§ **TASK DESCRIPTION**: Only the lines from the one with "Laza Quartz Countertop" through the last line of the material below belong in the answer, copied exactly and without pictures.

══ SOURCE RECORDS ══

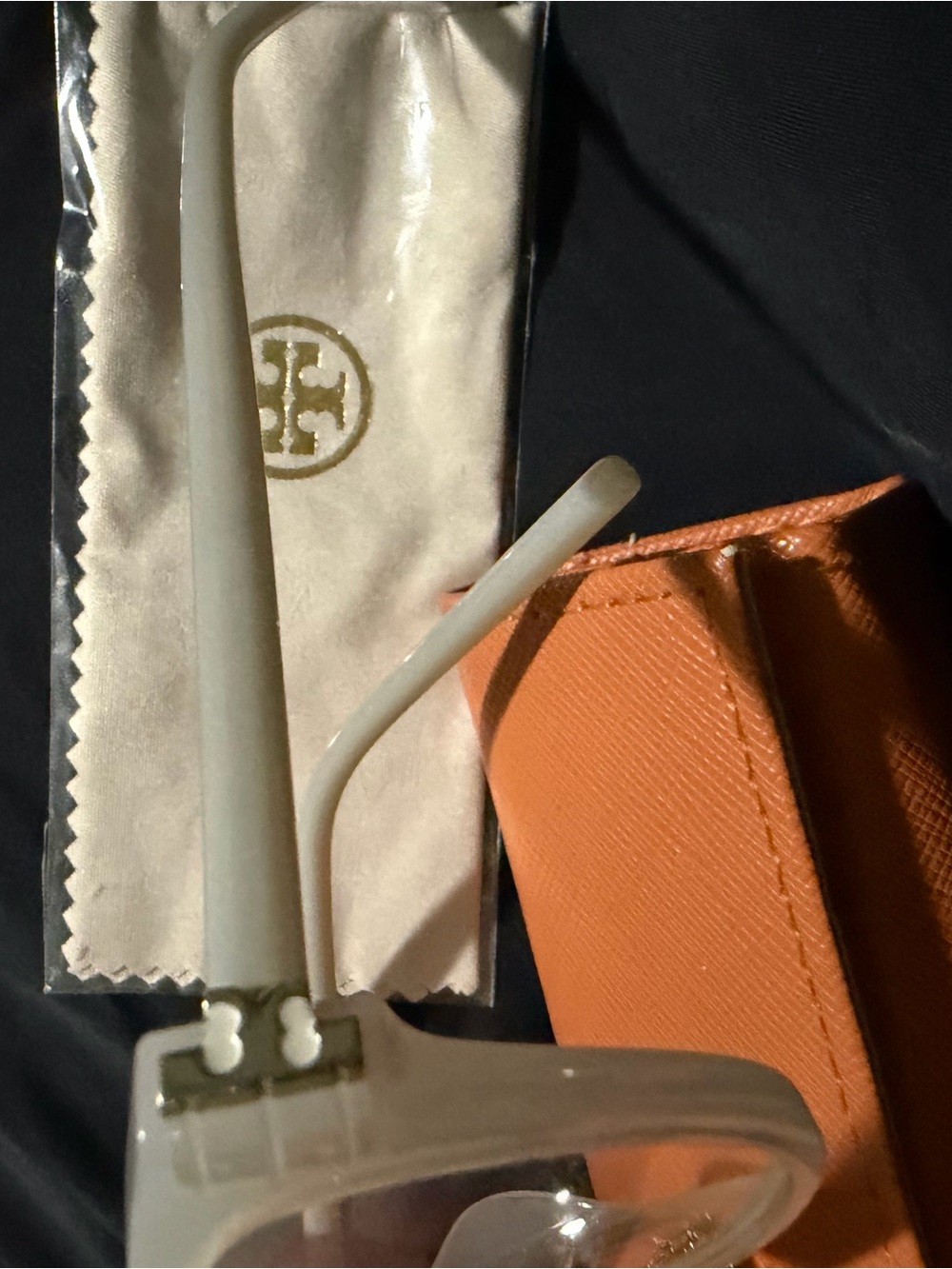 Tory Burch Frosted White slight pink Cat-Eye Sunglasses with Gold Logo Accents - Picture 4 of 11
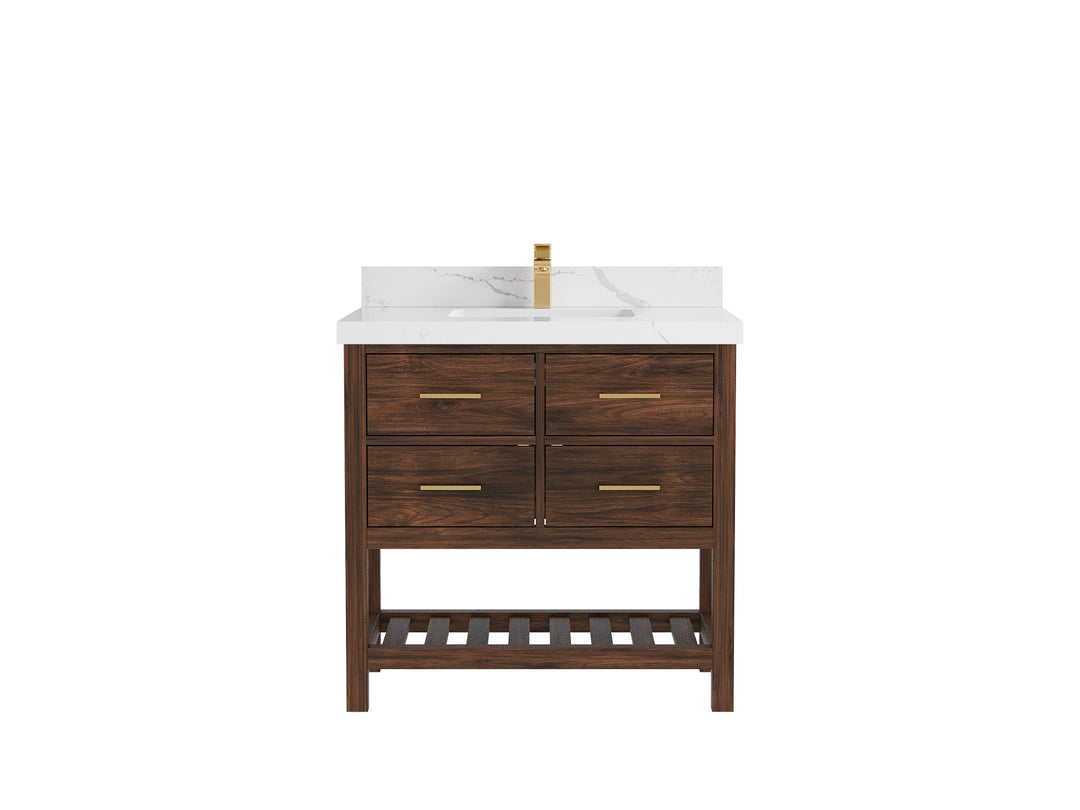 Parker Teak  36 in. W x 22 in. D Center Sink Bathroom Vanity in Dark Walnut with 2 in Calacatta Laza Quartz Countertop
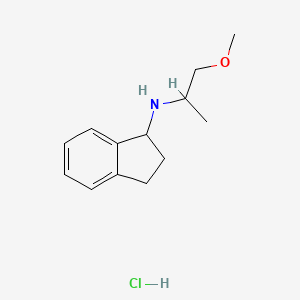 molecular formula C13H20ClNO B2961029 N-(1-甲氧基丙-2-基)-2,3-二氢-1H-茚-1-胺盐酸盐 CAS No. 2044714-10-3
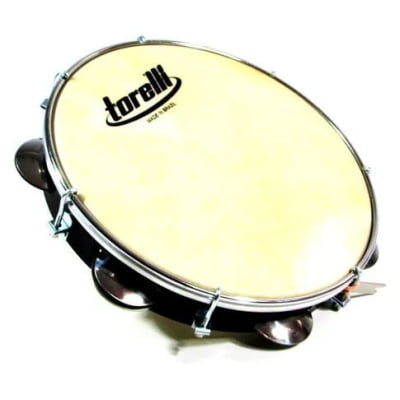 Pandeiro de 10" TORELLI Pele Animal Injetado TP-300 - COR: Preto 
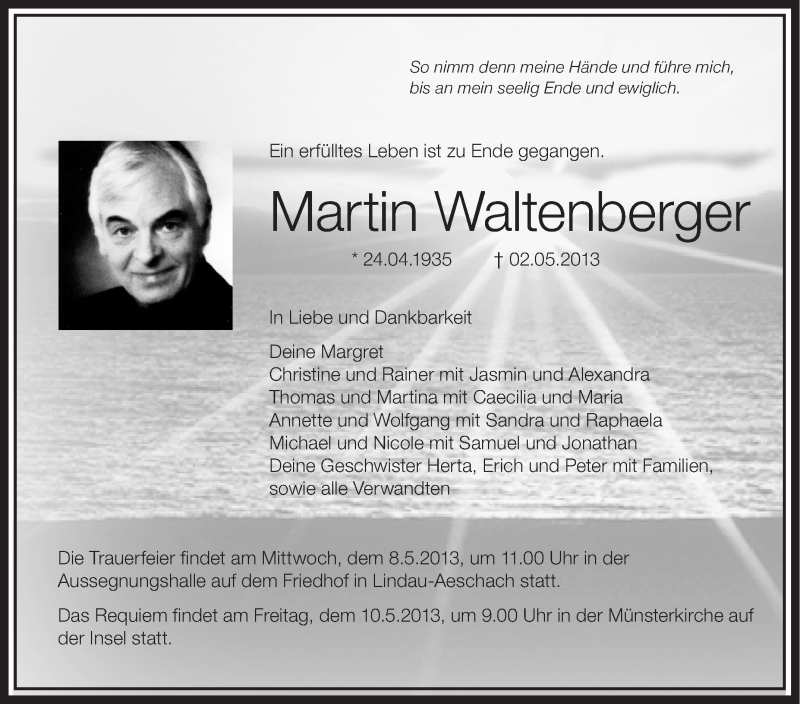  Traueranzeige für Martin Waltenberger vom 07.05.2013 aus Schwäbische Zeitung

═══

§ **RESPONSE TO THIS EXERCISE**:
 Parker Teak  36 in. W x 22 in. D Center Sink Bathroom Vanity in Dark Walnut with 2 in Calacatta Laza Quartz Countertop
 molecular formula C13H20ClNO B2961029 N-(1-甲氧基丙-2-基)-2,3-二氢-1H-茚-1-胺盐酸盐 CAS No. 2044714-10-3
 Pandeiro de 10" TORELLI Pele Animal Injetado TP-300 - COR: Preto 
  Traueranzeige für Martin Waltenberger vom 07.05.2013 aus Schwäbische Zeitung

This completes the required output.